Unfortunately, the predominant relationship that businesses and governments have with their primary natural stakeholders is often parasitic, and one that has proven to be destructive for all ecosystems. In the coming UN Decade on Ecosystem Restoration, our challenge is to shift our primary relationship with the natural world from a parasitic to a collaborative and regenerative relationship with our planetary stakeholders.
There is already an incredible new wave of innovators who have taken the approach of forming public-planet partnerships with their natural stakeholders, whether that’s partnering with ocean currents to clean the Great Pacific Garbage Patch, partnering with bees from a colony that can collect 4 billion environmental data points annually, partnering with animals to help predict and adapt to natural disasters, or even forming conservation partnerships between trees and monks.
A rights-based stakeholder approach
A rights-based approach should be at the core of any stakeholder approach— whether a corporation or government undertakes initiatives to conserve, learn from or restore nature, to integrate nature-based solutions, or to actively partner and collaborate with nature.
These approaches are essential, but should not be an offset mechanism for business-as-usual.
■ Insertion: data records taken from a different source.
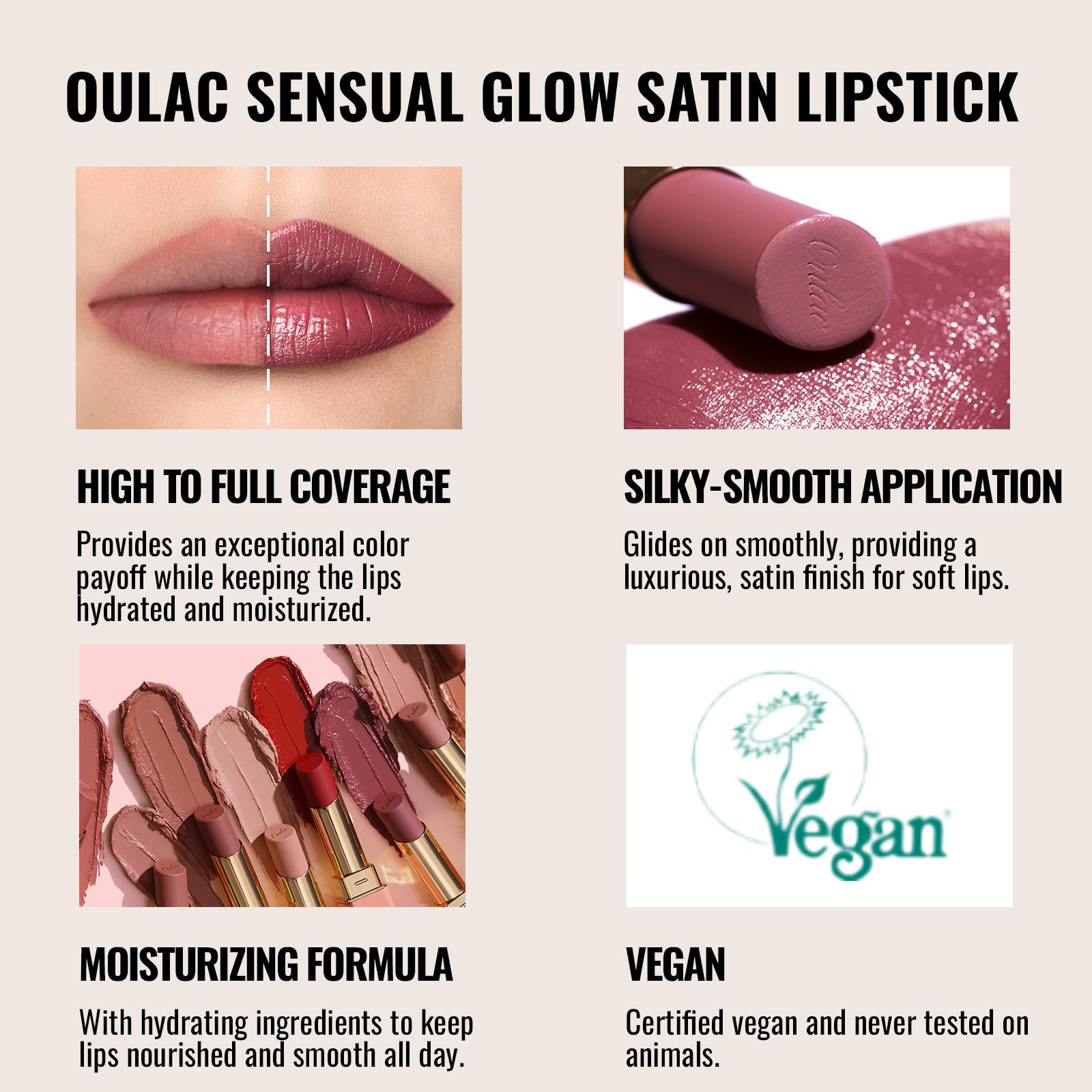 Oulac Labial gama de tonos para uso diario y natural.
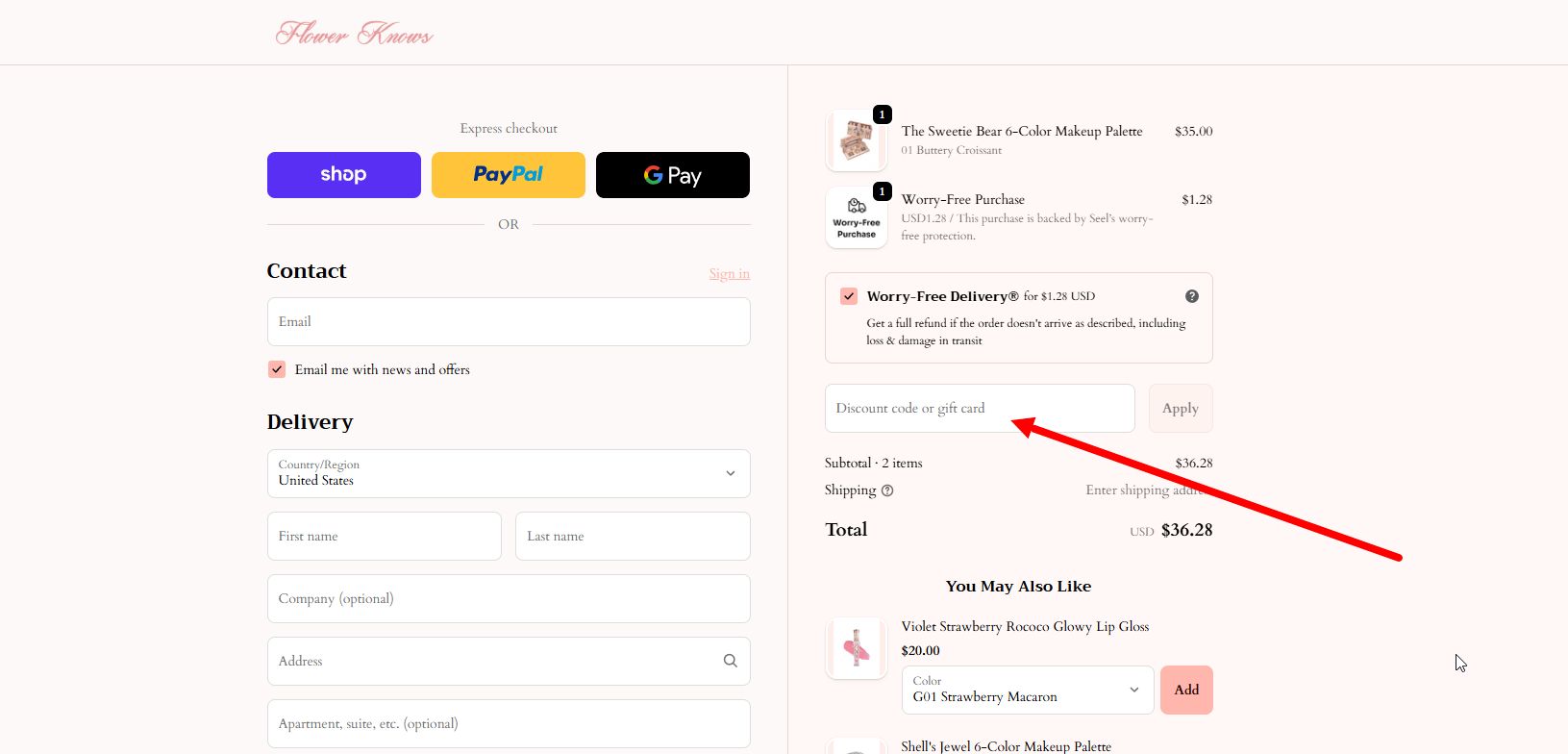“How to apply a Flower Knows promo code”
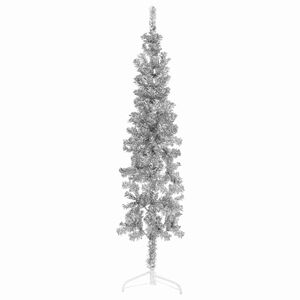 vidaXL Medio &aacute;rbol de Navidad artificial con soporte plateado 150 cm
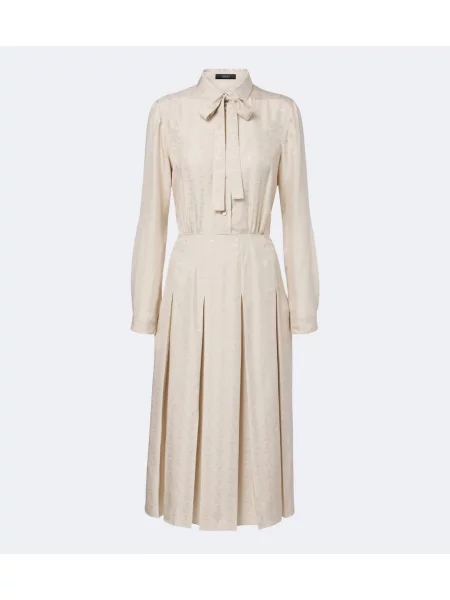 Rochie tip cămașă Gucci de mătase cu legături bej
They must go hand-in-hand with rapid reductions in carbon emissions, and the integration of human rights into the entire supply chain, as called for by the Davos Manifesto.
This means the application of principles such as the ‘gold standard’ being developed by the Indigenous People’s Major Group for Sustainable Development to center the rights of indigenous peoples, local communities, uncontacted peoples, and all women.
An inclusive stakeholder approach for nature also calls on governments and corporations to invest in the development of frameworks that protect the legal rights of nature so that the planet cannot be exploited, and so that stakeholder value is shared across species and ecosystems.
As we enter a defining decade for biodiversity restoration, are we prepared to redefine our relationships with our most critical non-human stakeholders for the sake of humanity itself?